1. `> models = glob.glob ('. / * .t7') `2.` > > models # list all available pre-training models `3. `[.\ models\\ eccv16\\ composition_vii.t7', `4.`'.\\ models\\ eccv16\\ la_muse.t7', `5. `.'.\ models\\ eccv16\\ starry_night.t7', `6. `.\ models\\ eccv16\\ the_wave.t7' `7. `'.\\ models\\ instance_norm\\ candy.t7', `8.`'.\\ models\\ instance_norm\\ feathers.t7', `9. `'.\ models\\ instance_norm\\ la_muse.t7', `10. `.'.\ models\\ instance_norm\\ mosaic.t7', `11.`.\ models\\ instance_norm\\ starry_night.t7', `12. `.\\ models\\ instance_norm\\ the_scream.t7' `13. `.\\ models\\ instance_norm\\ udnie.t7'] `15.` > pathIn ='. / img/img01.jpg' `16. `> > pathOut ='. / result/result_img01.jpg' `17.` > model ='. / models/instance_norm/the_scream.t7' `18. `> > style_transfer (pathIn, pathOut, model, width=500) `19.` load the pre-training model. `20.` style transfer cost: 1.18s `22. `> pathIn ='. / img/img02.jpg' `23. `> pathOut ='. / result/result_img02.jpg' `24. `> model ='. / models/instance_norm/starry_night.t7' `25. `> > style_transfer (pathIn, pathOut, model, width=500) `26. `Load the pre-training model. `27. `style transfer cost: 3.17 seconds `29. `> pathIn ='. / img/img03.jpg' `30. `> pathOut ='. / result/result_img03.jpg' `31. `> model ='. / models/instance_norm/the_scream.t7' `32. `> > style_transfer (pathIn, pathOut, model, width=500) `33. `Load the pre-training model. `34. `Styles transfer cost: 0.90 seconds `36. `> pathIn ='. / img/img04.jpg' `37. `> pathOut ='. / result/result_img04.jpg' `38. `> model ='. / models/eccv16/the_wave.t7' `39. `> > style_transfer (pathIn, pathOut, model, width=500) `40. `Load the pre-training model. `41. `style transfer cost: 2.68 seconds `43. `> pathIn ='. / img/img05.jpg' `44. `> model ='. / models/instance_norm/mosaic.t7' `45. `> > style_transfer (pathIn, pathOut, model, width=500) `46. `Load the pre-training model. `47. `style migration cost: 1.23 seconds`

As you can see from the running results, on CPU, it takes only a few seconds to transfer the style of an image. If you use GPU, you can transfer the style of video / camera in real time.

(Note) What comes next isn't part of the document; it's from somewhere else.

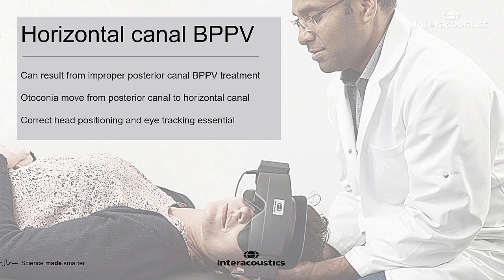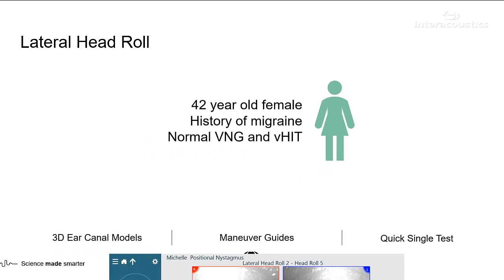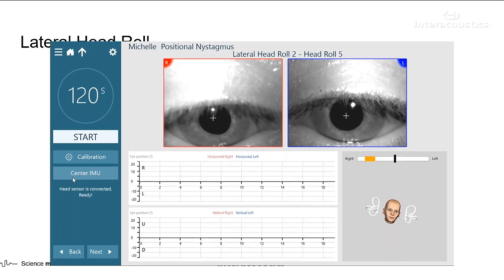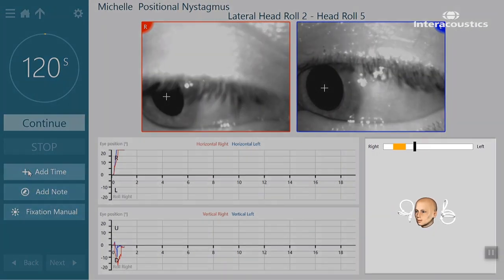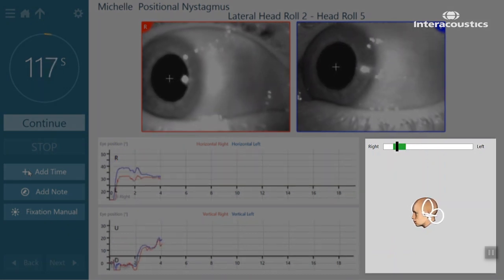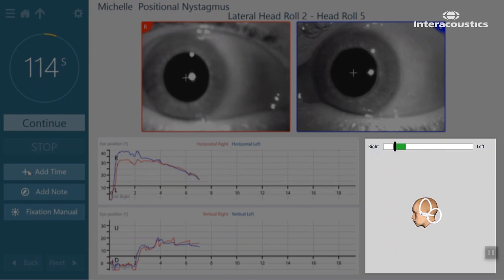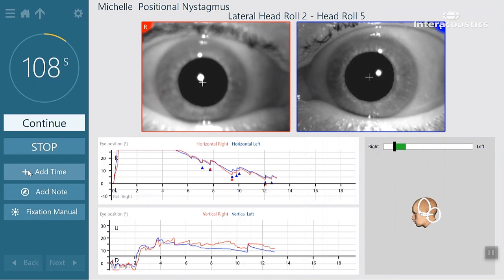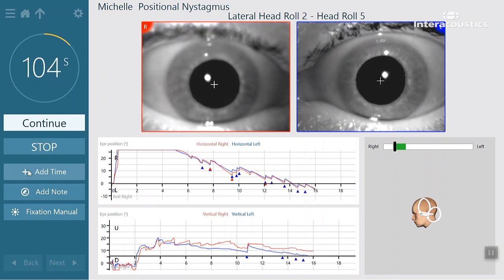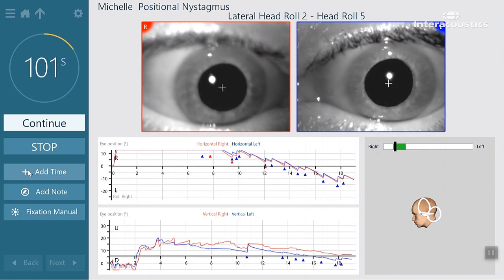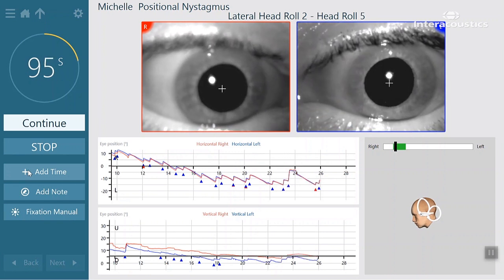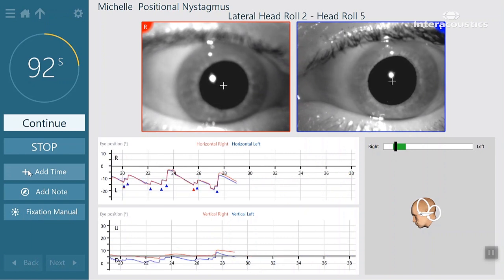Dr. Bonner talked earlier about posterior canal BPPV, so I want to quickly show you a case of horizontal canal BPPV. In this video, the patient turns their head to the right while laying supine — the bar was orange and turns green, indicating we're in the correct direction. As long as the patient has their head turned to the right, we see right-beating horizontal nystagmus. In a moment they'll turn their head to the left, the bar will again go from orange to green, and after a few seconds we'll see the nystagmus change directions.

4. Relevant progress at present

Since Gatys et al realized style transfer based on deep learning for the first time (2015), style transfer technology has been developing, and now it has been greatly improved in terms of speed and quality. Some of the current progress can be seen at the following link:

Https://github.com/jcjohnson/fast-neural-style

Https://github.com/DmitryUlyanov/texture_nets

Https://github.com/luanfujun/deep-painterly-harmonization

Https://junyanz.github.io/CycleGAN/

Some of their works:

1. Style transfer

two。 The fusion of foreign pictures

3. The change of picture season

4. The falsification of picture background

5. Role swap

At this point, I believe you have a deeper understanding of "using Python to achieve picture style transfer". You might as well do it in practice. Here is the website, more related content can enter the relevant channels to inquire, follow us, continue to learn!

Welcome to subscribe "Shulou Technology Information " to get latest news, interesting things and hot topics in the IT industry, and controls the hottest and latest Internet news, technology news and IT industry trends.

*The comments in the above article only represent the author's personal views and do not represent the views and positions of this website. If you have more insights, please feel free to contribute and share.